= What is required =
Only one stretch of the listing below is wanted. Begin at the line that has "Lion-O Kicks off", stop after the line that has "Sbírky Ferdinanda Tyrolského", and repeat every line in between exactly.

= Records for this task =
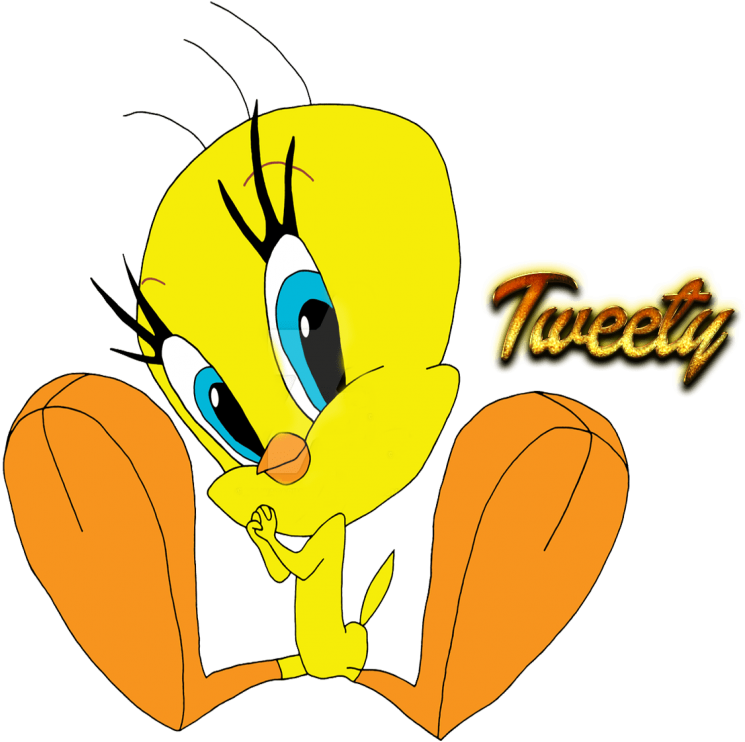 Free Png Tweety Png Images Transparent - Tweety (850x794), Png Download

---

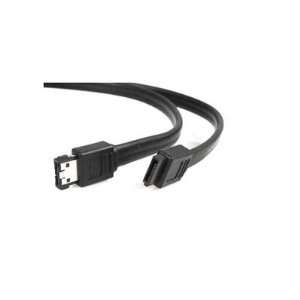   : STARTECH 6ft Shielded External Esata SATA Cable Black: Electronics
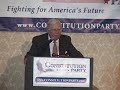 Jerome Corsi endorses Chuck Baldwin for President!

--

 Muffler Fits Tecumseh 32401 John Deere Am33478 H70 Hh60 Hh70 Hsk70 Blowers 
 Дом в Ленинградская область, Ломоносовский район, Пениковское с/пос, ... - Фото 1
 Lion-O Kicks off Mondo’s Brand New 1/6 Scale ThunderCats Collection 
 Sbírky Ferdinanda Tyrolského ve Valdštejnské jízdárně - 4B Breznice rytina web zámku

= Exercise solution =
 Lion-O Kicks off Mondo’s Brand New 1/6 Scale ThunderCats Collection 
 Sbírky Ferdinanda Tyrolského ve Valdštejnské jízdárně - 4B Breznice rytina web zámku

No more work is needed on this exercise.